We're expanding our GPU fleet with two of the most significant GPUs NVIDIA has recently shipped: the Blackwell Ultra B300 and the Hopper H200, so we figured we'd take the opportunity to talk about them.

The two GPUs sit at opposite ends of a spectrum. One is the new frontier-class flagship (the B300) running new Blackwell architecture, while the H200 is a proven workhorse, which over the past year has become the default for production inference.

Head to Head

Spec	NVIDIA H200 (SXM)	NVIDIA B300 (Blackwell Ultra)
Architecture	Hopper (GH100 die)	Blackwell Ultra (dual-reticle)
GPU memory	141 GB HBM3e	288 GB HBM3e
Memory bandwidth	4.8 TB/s	8 TB/s
Dense FP8	~1,979 TFLOPS	Higher (FP4-optimized)
Dense FP4	—	~15 PFLOPS
FP64	Strong (HPC-capable)	Minimal (de-prioritized)
Power (TGP)	700W	1,400W
Cooling	Air or liquid	Liquid-oriented
Best for	Cost-efficient production inference, ≤100B models, FP64 HPC	Frontier-scale inference, long-context reasoning, MoE, agentic workloads

The H(Hopper)200:

The H200 was shipped as the H100's big brother, with an upgraded memory subsystem and the same core architecture (Hopper). The H200 ships with 141 GB of HBM3e and 4.8 TB/s of memory bandwidth, a significant step up from the H100's 80 GB of HBM3 and 3.35 TB/s (roughly a 76% jump in capacity and a 43% jump in bandwidth).
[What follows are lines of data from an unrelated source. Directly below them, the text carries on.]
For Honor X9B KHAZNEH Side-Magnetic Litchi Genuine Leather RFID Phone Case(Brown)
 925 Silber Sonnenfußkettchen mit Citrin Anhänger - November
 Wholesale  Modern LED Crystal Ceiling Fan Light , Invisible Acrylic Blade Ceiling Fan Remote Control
Because the tensor core die is unchanged compared to its predecessor, the H100, raw compute is effectively identical at around 1,979 TFLOPS of dense FP8. The H200's advantage lies in what's gated by memory, not computation. A good example of this would be a 70B-parameter model, which at FP16 needs roughly 140 GB just for weights. This workload would require 2x H100's, vs 1x H200. This also ties into autoregressive decoding (the token-by-token generation that dominates inference latency), which is vastly memory-bandwidth-bound, making the 43% bandwidth bump in the H200 translate directly to higher effective throughput.
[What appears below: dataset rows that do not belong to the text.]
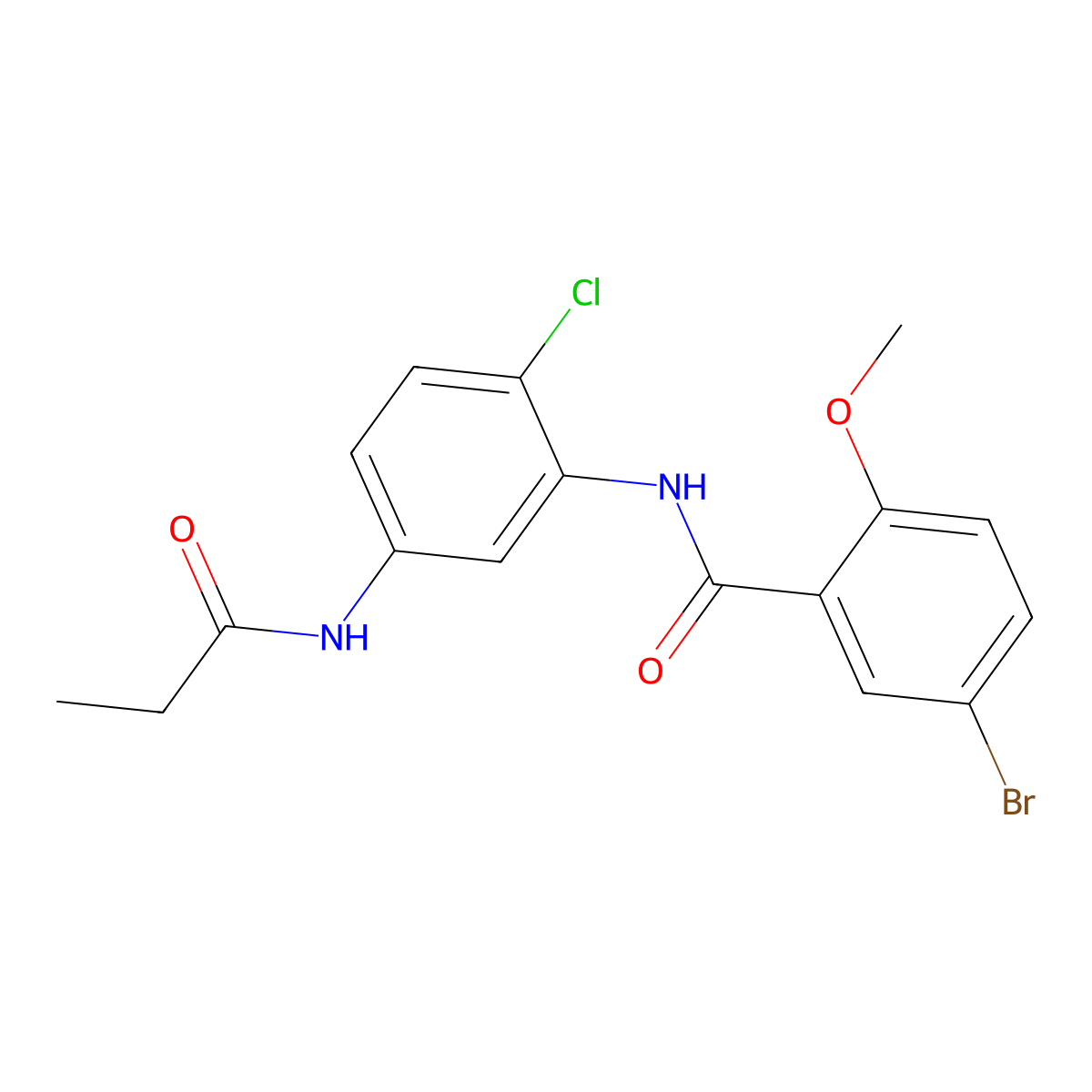 5-bromo-N-[2-chloro-5-(propanoylamino)phenyl]-2-methoxybenzamide molecular structure, CAS 674296-69-6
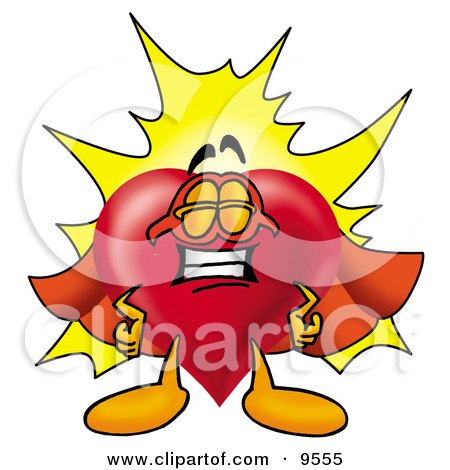Clipart Picture of a Love Heart Mascot Cartoon Character Dressed as a Super Hero by Mascot Junction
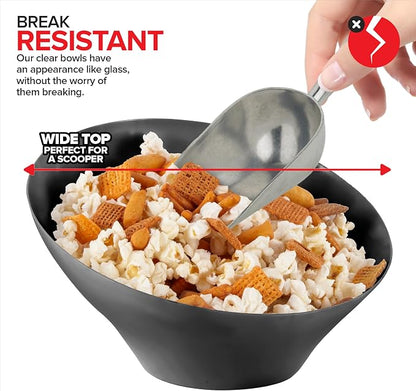 20oz Black Plastic Serving Bowls Medium Disposable Snack Bowl Candy Dishes - Image 4
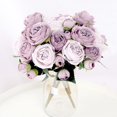 thumbnail image 2 of Ramo de rosas de simulación para boda, decoración de flores falsas para pared, flor de seda verde, decoración de mesa para sala de estar (púrpura), 2 of 5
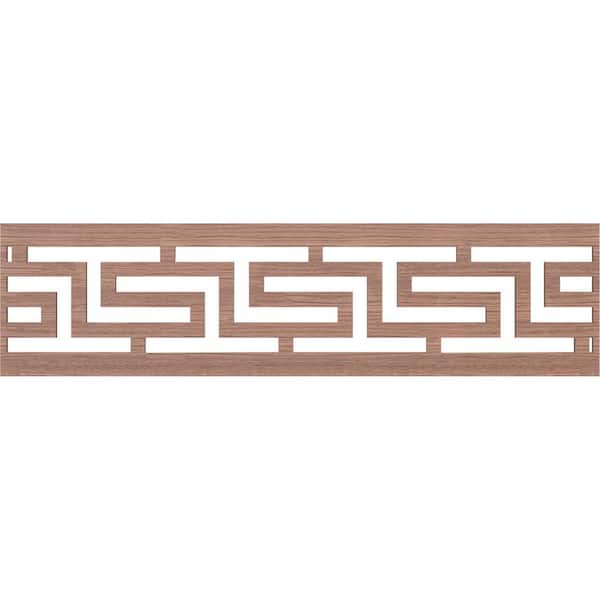 Ekena Millwork Tulum Fretwork 0.25 in. D x 47 in. W x 12 in. L Walnut Wood Panel Moulding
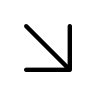 Downward Right Arrow (Thin Line) Free Open-Source SVG Icon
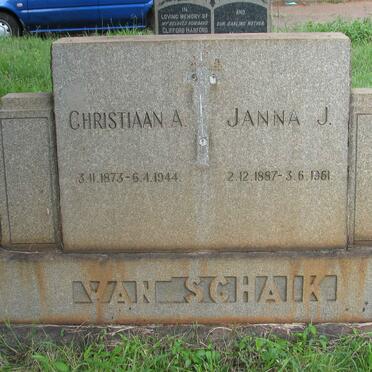 SCHAIK Christiaan A., van 1873-1944 & Janna J. 1887-1961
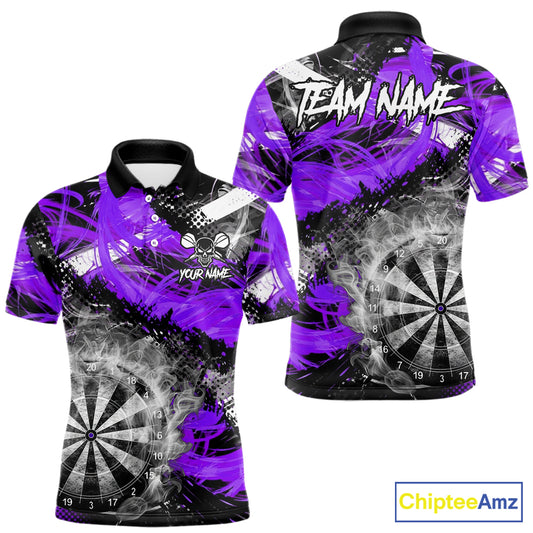 Purple & Grey Smokes Dartboard Custom Men Darts Polo Shirts Grunge Dart League Jerseys NYN2278
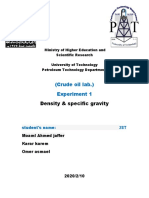 (Crude Oil Lab.) Experiment 1: Density & Specific Gravity
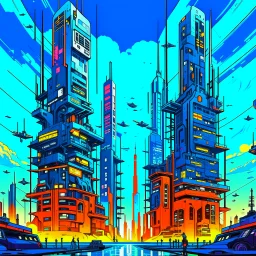 cyberpunk retro futuristic for comics in orange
This is what makes the H200 the golden child for production inference on models up to the ~70-100B range, long-context serving with large KV caches, and large-batch training.

The B(Blackwell)300:

The B300 (officially named the Blackwell Ultra) is a different core architecture, using dual-reticle design (2x compute dies in a single GPU, with 208 billion transistors and 160 streaming multiprocessors) and it's unmistakably optimized for inference at scale.

The jump from the B200 to the B300 looks very similar to the jump from the H100 to the H200; 288 GB of HBM3e (built from 12-high stacks, versus the B200's 8-high), 8 TB/s of memory bandwidth, and roughly 15 petaFLOPS of dense FP4 compute per GPU. This is greater than a 50% memory jump compared to the B200, and a meaningful throughput uplift.

The significance in the B300 lays in it's 288 GB memory, which allows models, KV caches, and activations that would've needed multi-GPU sharding to now run on a single GPU (double the memory of an H200).

One notable caveat is that the B300 is weighted (heavily) toward low-precision formats like NVFP4 and FP8, and attention-style workloads, meaning a dramatically more powerful FP64 performance compared to the hopper series. To us, this choice signals that NVIDIA is building this chip for transformers and inference, and not traditional double-precision scientific HPC.